**THE PROBLEM:** Reproduce the whole listing below without its pictures, exactly as written.

**DATA EXTRACT:**
########################################
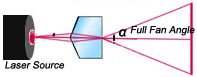 Laser Line Generator Lens, Powell Lens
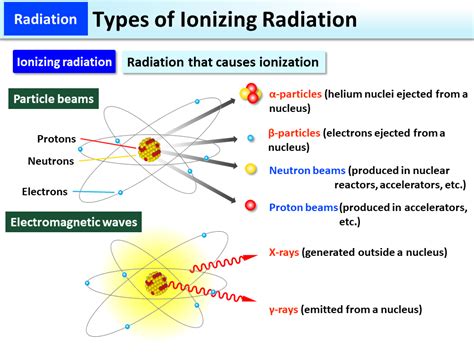 Types of Ionizing Radiation [MOE]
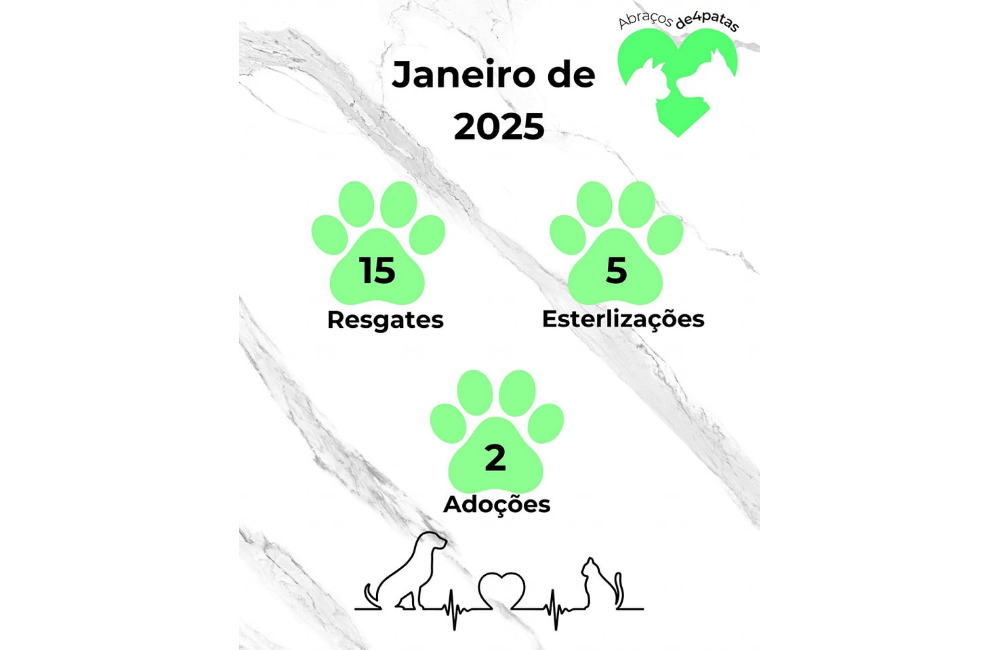 Resultados Janeiro 2025 | Portal do Associativismo - Municí...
########################################
**RESPONSE TO THE EXERCISE:**
 Laser Line Generator Lens, Powell Lens
 Types of Ionizing Radiation [MOE]
 Resultados Janeiro 2025 | Portal do Associativismo - Municí...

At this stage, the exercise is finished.